5aPAa2. The effect of edge constraints on the surface normal impedance of a layer of elastic porous material.

J. Stuart Bolton

1077 Ray W. Herrick Labs., School of Mech. Eng., Purdue Univ., West Lafayette, IN 47907-1077

Wim Desmet

Katholieke Universiteit, Leuven, Celestijnenlaan 300B, 3001 Leuven, Belgium

Nae-Ming Shiau

Ford Motor Co., Dearborn, MI 48121-2053

Previous work has indicated that the acoustical behavior of partially reticulated noise control foams can be sensitive to small mounting details. It is thus reasonable to expect that the surface normal impedance of a foam sample placed in a standing wave tube will depend on the degree to which the sample is constrained at its edges. Here a two-dimensional version of the Biot theory governing wave propagation in elastic porous materials has been used to investigate the effect of such an edge constraint.

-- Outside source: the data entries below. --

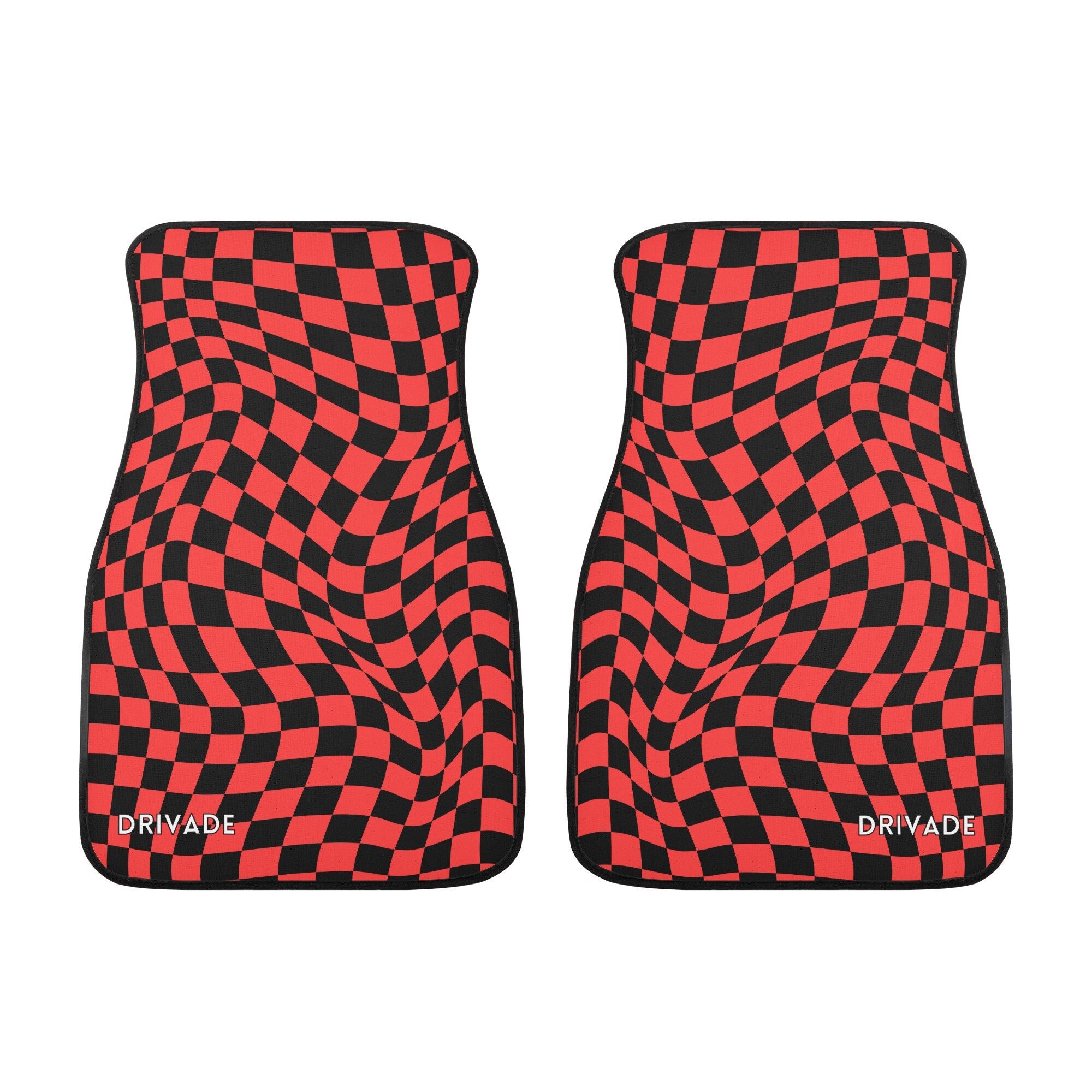 Checkered Car Floor Mats Set Red Custom JDM Car Mats Red Black Etsy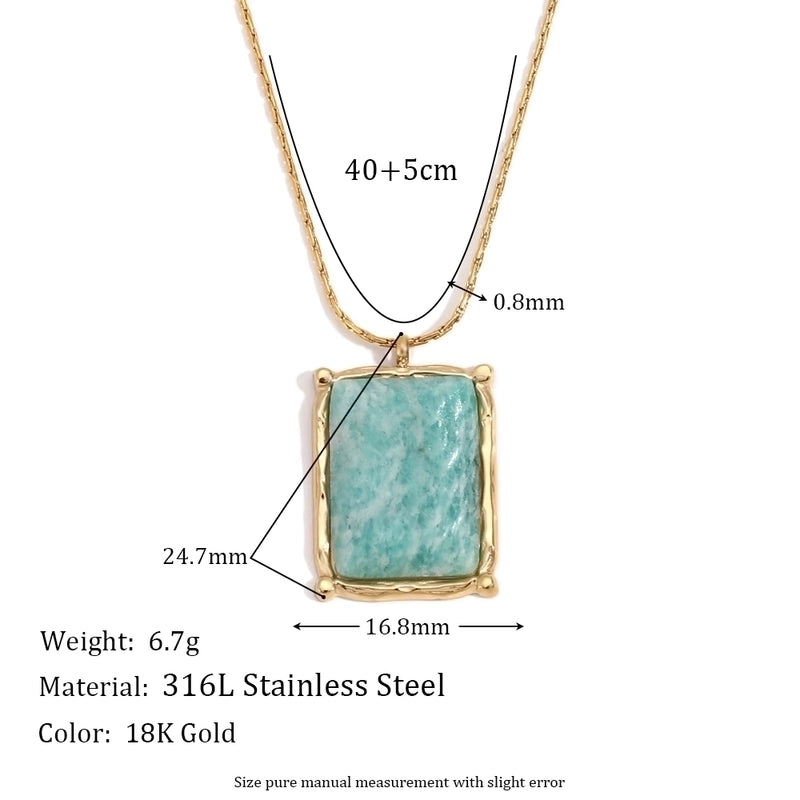 304 Stainless Steel 18K Gold Plated Basic Minimalist Classic Style Plating Square Pendant Necklace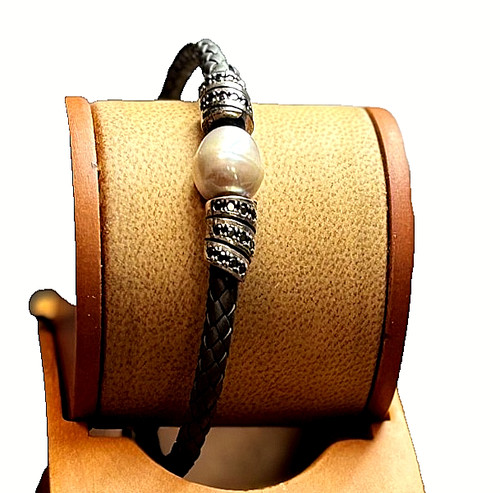 Bracciale argento cuoio e - bracciale,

First, the allowed modes of propagation within a constrained foam layer were identified. Those modes were then used to predict the response of the constrained layer to an incident plane wave. A comparison of that prediction with the surface normal impedance of an unconstrained half-space of the same material has shown that the principal effect of the edge constraints is to stiffen the sample at frequencies below the cut on of the first shearing mode within the constrained layer. A simple criterion based on the shear stiffness of the elastic porous material has been developed to give the frequency below which the edge-stiffening effect may have a significant effect on a sample's surface normal impedance.